A history professor (Leonor Silveira) takes her little daughter (Filipa de Almeida) on a cruise from Lisbon toward Bombay stopping at many ports to look at famous sites, & the mom tells simple legends & bits of history in the manner of any two-euro tourist-guide.
She meets other people along the way who add to the endless lectury dialogue, & each person in turn speaks in the exact same tourist-guide voice, robbing the mother-historian of any chance to seem like an individual (if boring) character who can't do anything but spout nuggets of history. People who like travel documentaries might like this advertisement for a sea cruise, but I felt ripped off for my time.
The advertised stars which attracted me to this turkey were John Malkovich as the cruise captain, Catherine Deneuve as the business tycoon, Irene Papas as the aging folksinger actress, & Stefania Sandrelli as the widowed aging former model.
These characters show up after an hour & we have to watch them have their Captain's Dinner Table conversation in which they congratulate themselves at length for being able to each speak to one another in their own languages & be understood by the rest, how brilliantly cosmopolitan they all are, but how unfortunate the rest of the world, other than themselves, the world full of ignorance & stupidity.
This was like revisiting My Dinner With Andre (1981), but with four insufferable phony-intellectual chatterboxes instead of just Andre. I remarked to Granny Artemis, "If Luis Bunuel had directed this film, Terrorists would blow their table up right now, killing these self-important cretins as a joke."
[SPOILER ALERT] In the penultimate scenes the lecturing professor with her daughter & the self-important cretins all get to know each other over dinner, just before the ship has to be abandoned because terrorists had wired the ship to blow up.
Well, it still wasn't Luis Bunuel, because all the self-important cretins escape unscathed, but the professor & her daughter are blown up with the ship, an "exciting action climax" tacked on most pointlessly. The last image of Malkovich staring from his lifeboat at the exploding ship has him with an expression that seems to say, "Why in hell did I agree to be in this stupid movie?" [END SPOILER ALERT]
Advertised as a "meditation on civilization" this film has only one voice, & ultimately no characters, just several actors hired to take turns reading an aging director's self-indulgent essay.

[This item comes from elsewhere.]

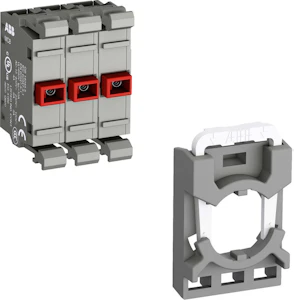 abb Kosketinelementti modular kolmoislohko+pidin 3nc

The inexplicable action-ending was so silly & out of place that I felt truly betrayed for my patience with this tedious turd. Possibly the director seriously meant to say, "Life is dull, then shit happens," but I really wondered if he hadn't actually had a couple of strokes that erased from his brain everything he'd learned in a lifetime of filmmaking, thus he approached A Talking Picture as an abject amateur. And it's hands-down Malkovich's worst performance, as even his genius can't save the interminable repetitions of colorless text.